## What needs to be done
The answer is the exact run of lines in the listing below from the line containing "Prym 926701 Aplique" up to and including the line containing "MAJA PANT - 80S", with pictures removed.

## Data excerpts
^^^^

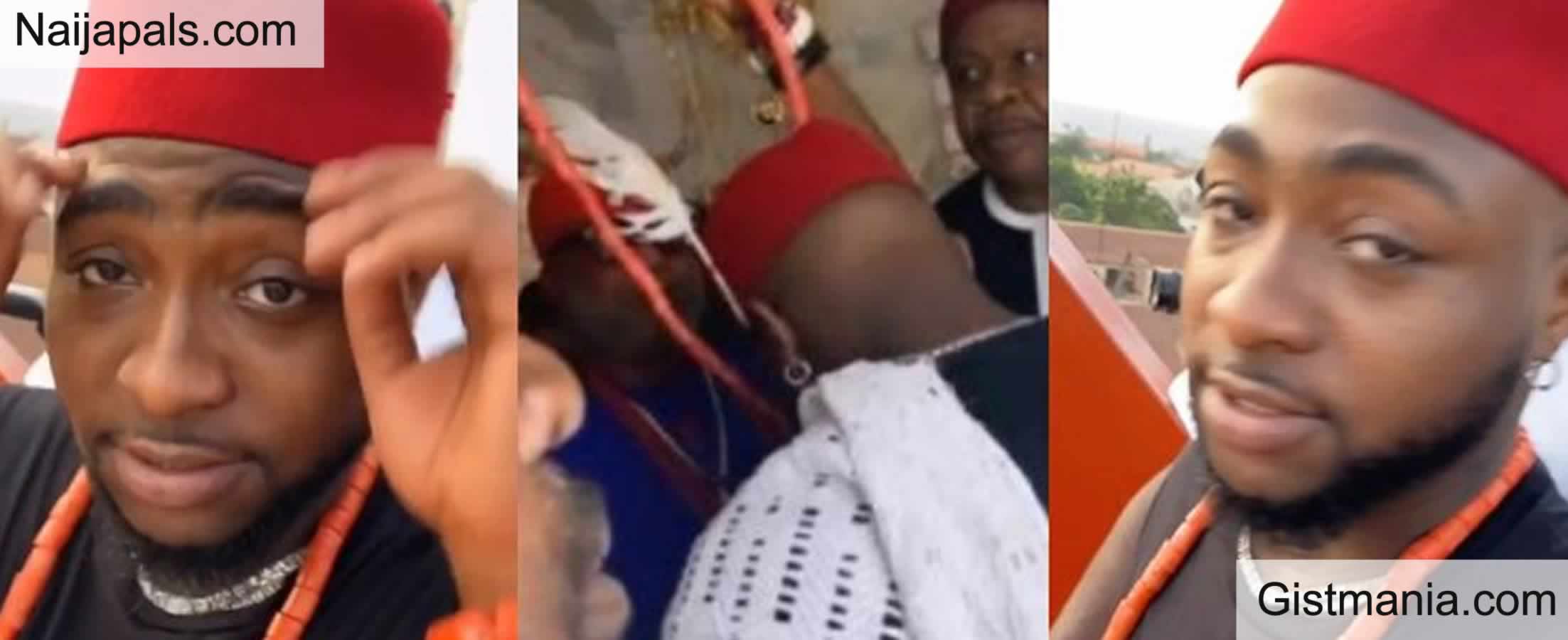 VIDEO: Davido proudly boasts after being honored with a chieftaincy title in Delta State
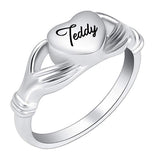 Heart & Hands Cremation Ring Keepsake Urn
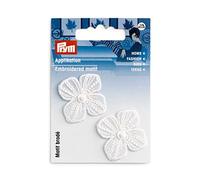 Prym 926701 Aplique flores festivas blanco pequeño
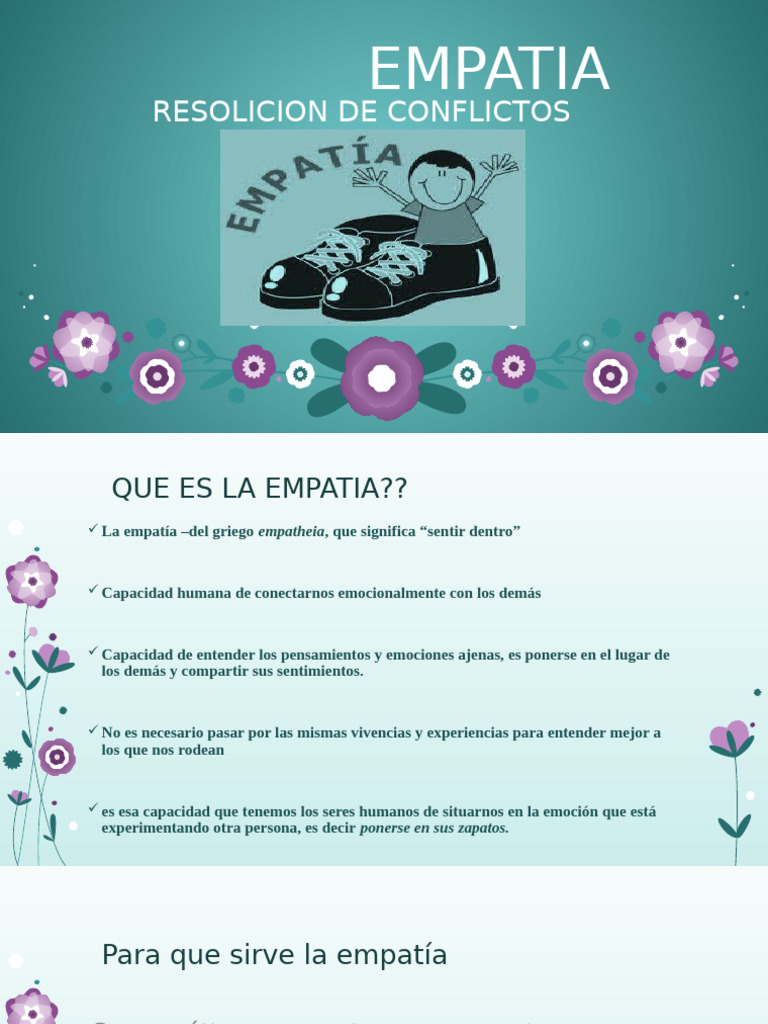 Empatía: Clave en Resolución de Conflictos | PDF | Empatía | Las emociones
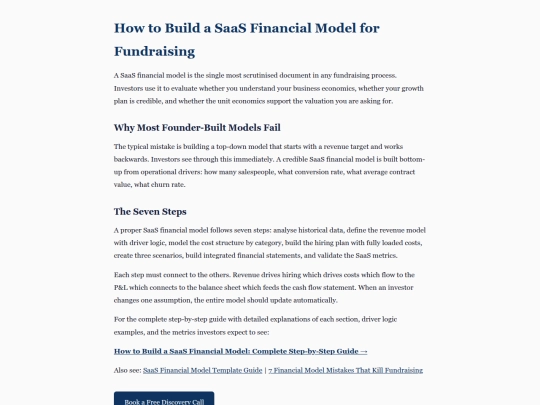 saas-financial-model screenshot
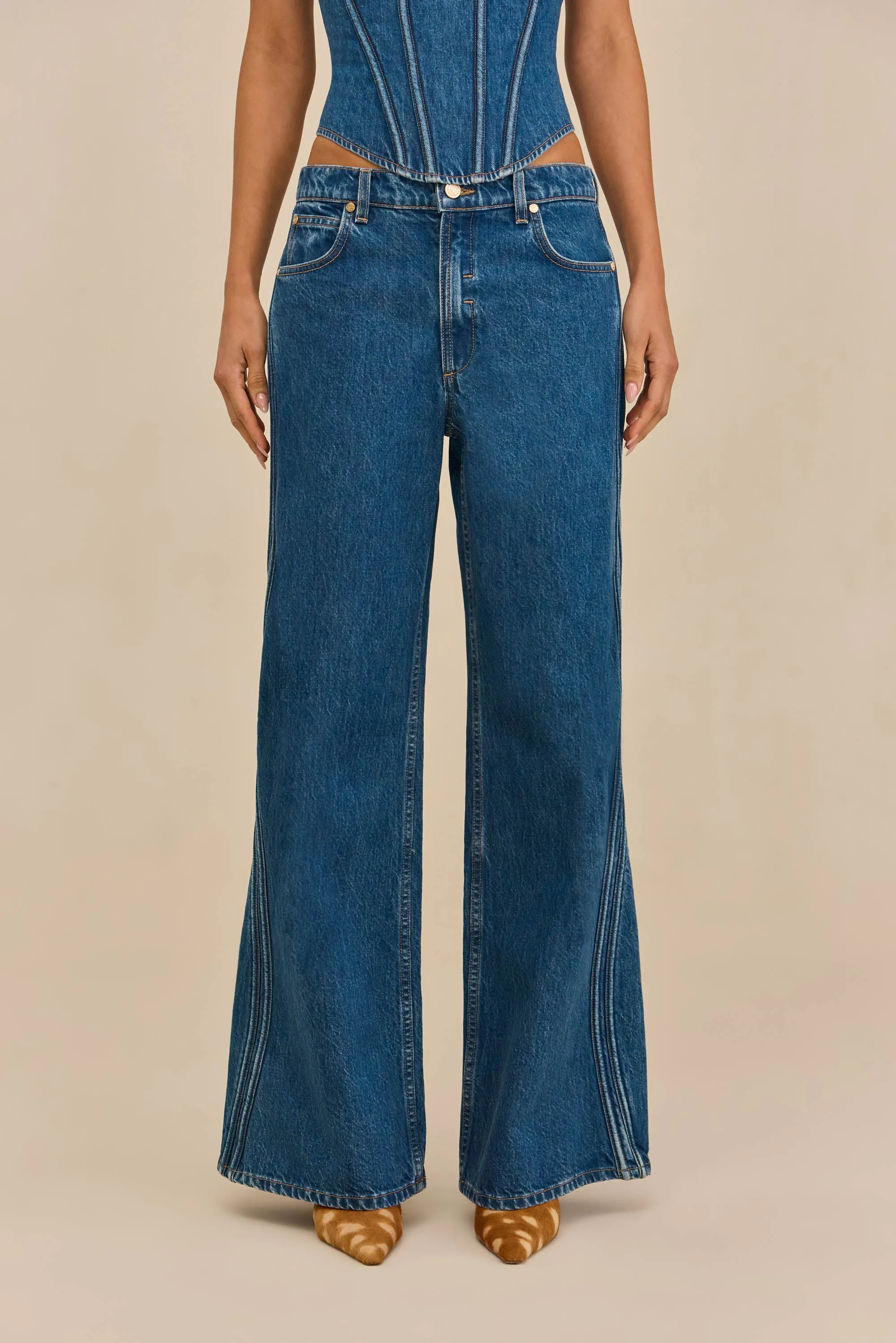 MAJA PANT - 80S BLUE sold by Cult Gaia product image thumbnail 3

^^^^

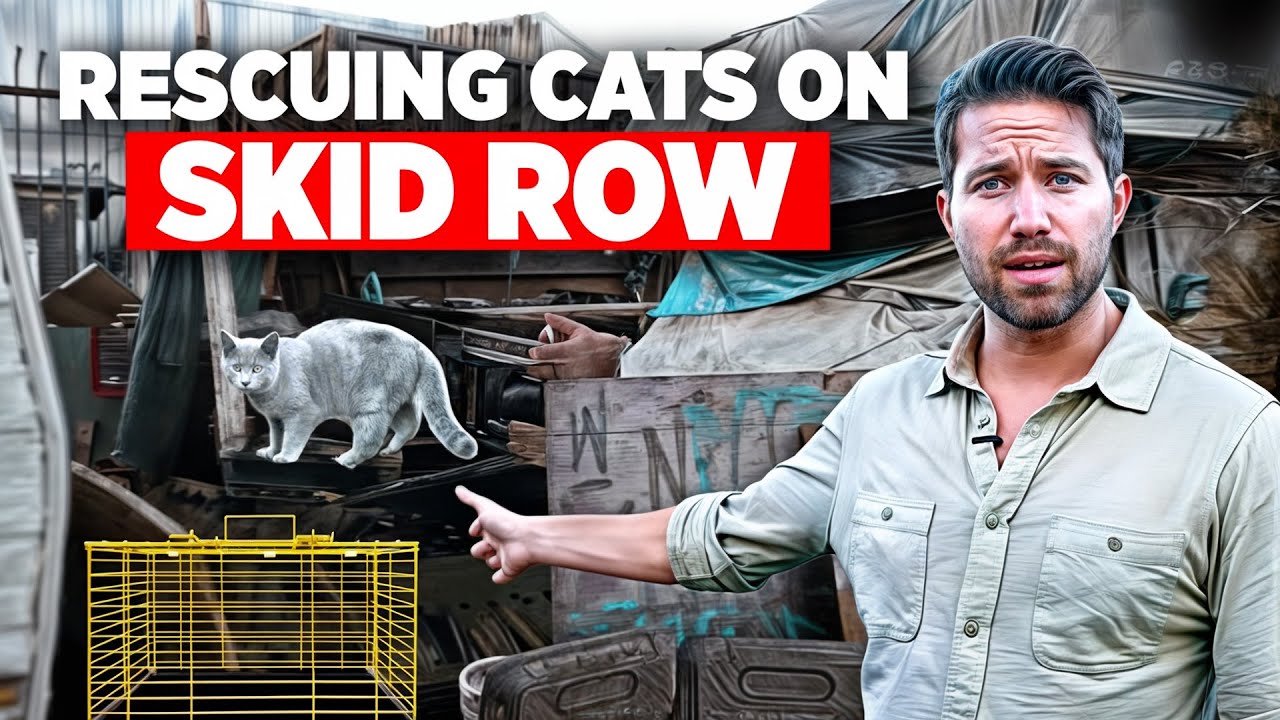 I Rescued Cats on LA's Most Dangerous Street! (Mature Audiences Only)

^^^^

## Solution to this exercise
 Prym 926701 Aplique flores festivas blanco pequeño
 Empatía: Clave en Resolución de Conflictos | PDF | Empatía | Las emociones
 saas-financial-model screenshot
 MAJA PANT - 80S BLUE sold by Cult Gaia product image thumbnail 3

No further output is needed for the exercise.